Your instructions:
Print, word for word, the opening line of the data below and every line after it through the line that contains "Entdecken Sie die", but not the pictures.

Data under study:
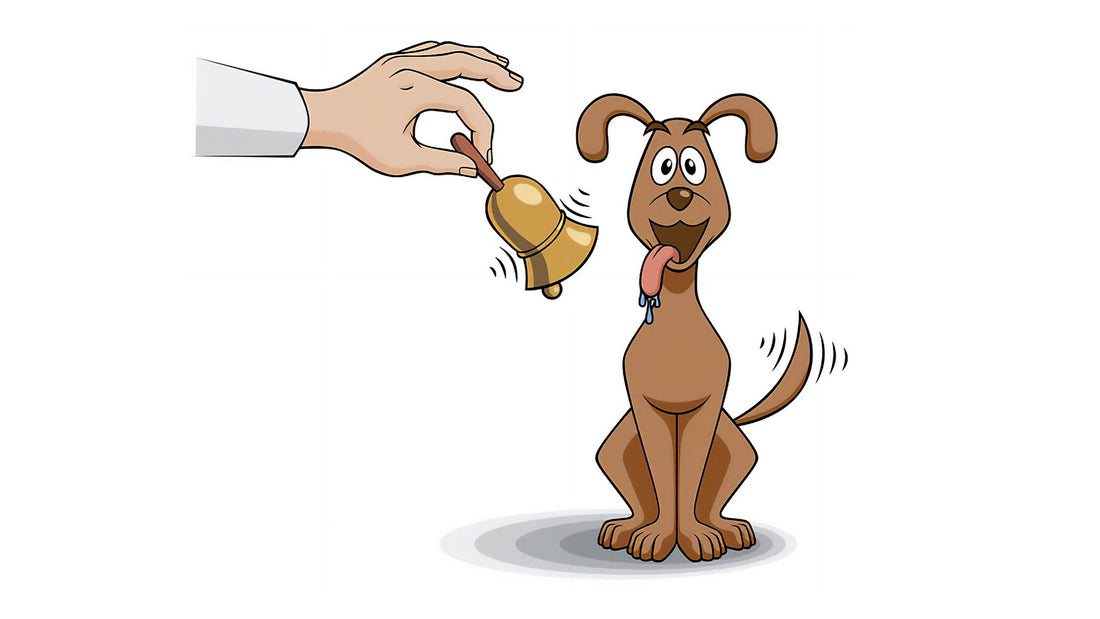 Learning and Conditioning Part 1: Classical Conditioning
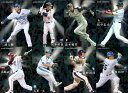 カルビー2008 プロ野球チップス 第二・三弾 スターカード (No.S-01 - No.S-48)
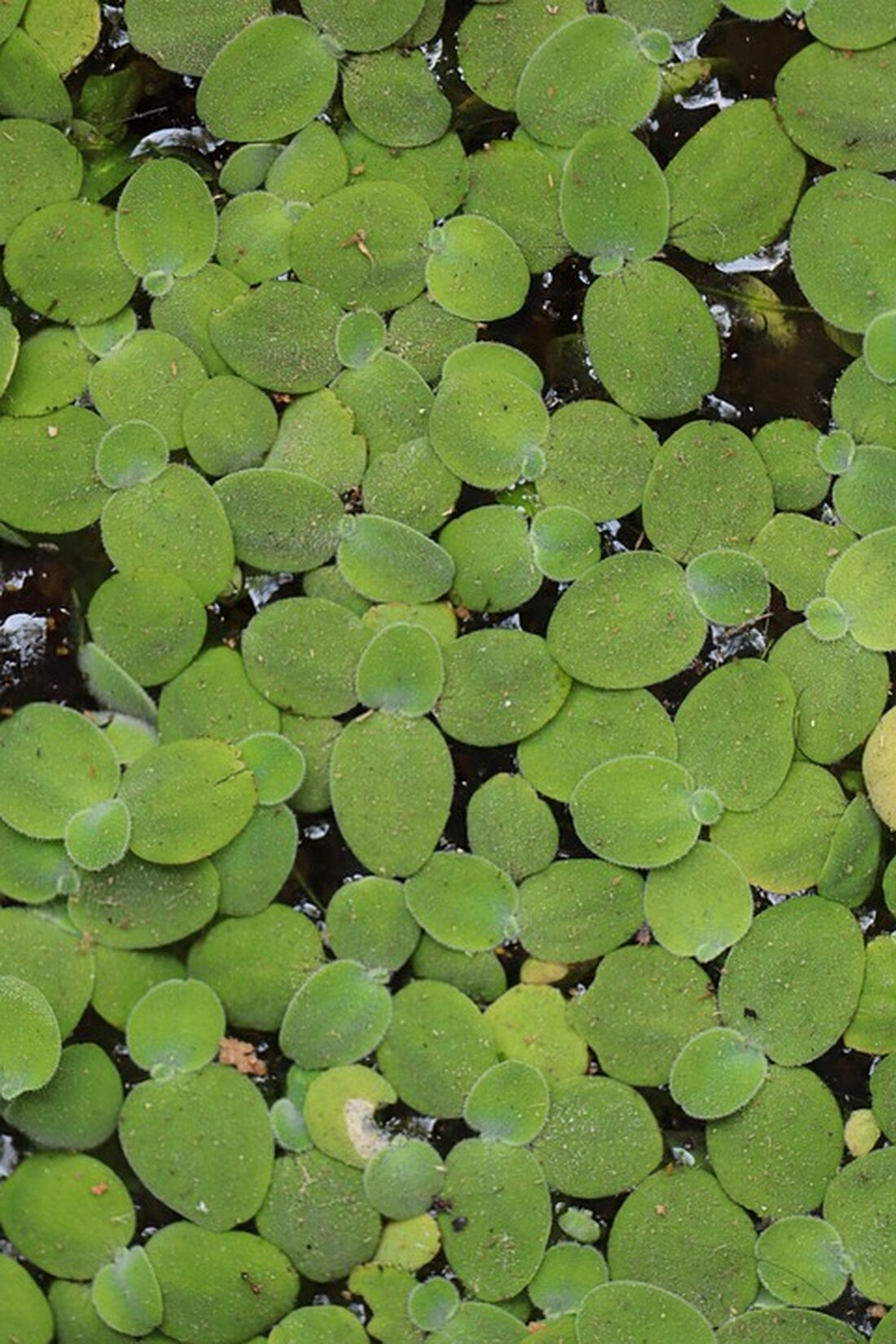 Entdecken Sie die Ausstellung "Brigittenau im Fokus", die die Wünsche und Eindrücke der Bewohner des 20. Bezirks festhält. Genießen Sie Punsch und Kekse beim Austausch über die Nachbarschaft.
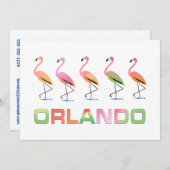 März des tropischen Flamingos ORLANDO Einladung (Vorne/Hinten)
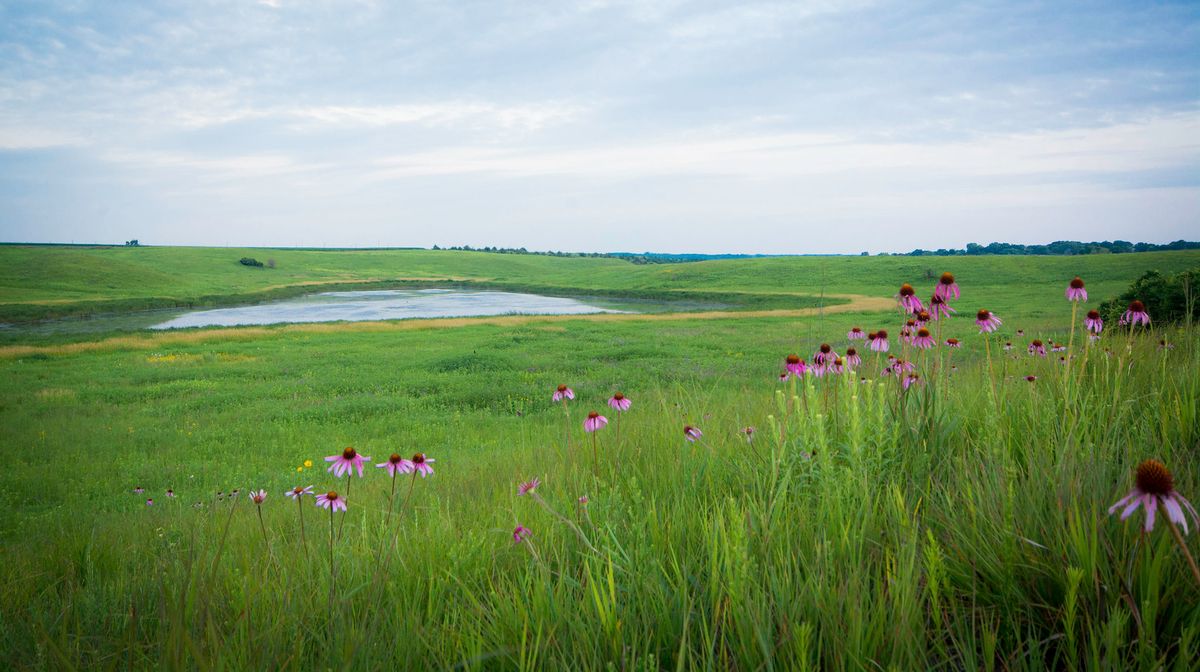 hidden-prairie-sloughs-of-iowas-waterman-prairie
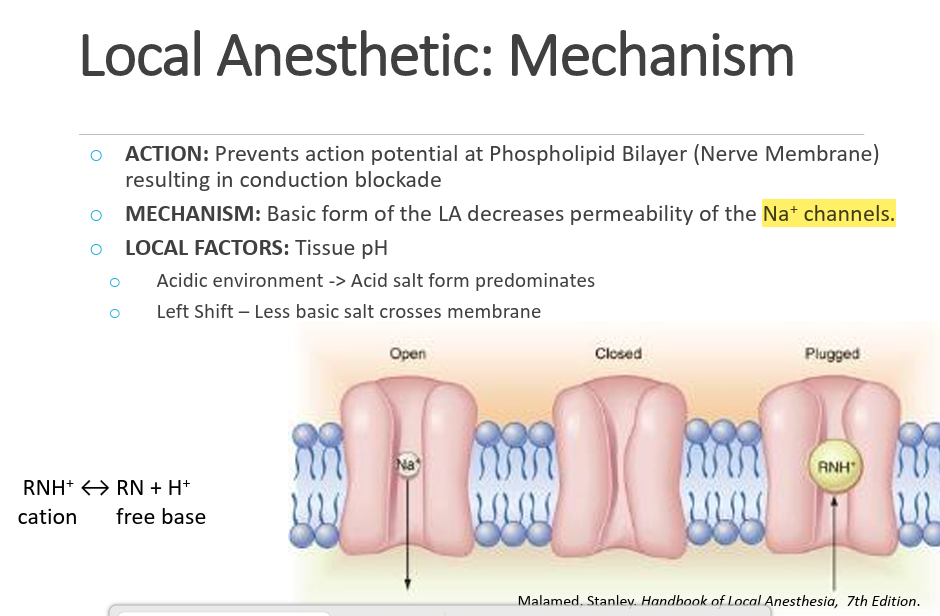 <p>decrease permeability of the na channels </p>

Answer to the exercise:
 Learning and Conditioning Part 1: Classical Conditioning
 カルビー2008 プロ野球チップス 第二・三弾 スターカード (No.S-01 - No.S-48)
 Entdecken Sie die Ausstellung "Brigittenau im Fokus", die die Wünsche und Eindrücke der Bewohner des 20. Bezirks festhält. Genießen Sie Punsch und Kekse beim Austausch über die Nachbarschaft.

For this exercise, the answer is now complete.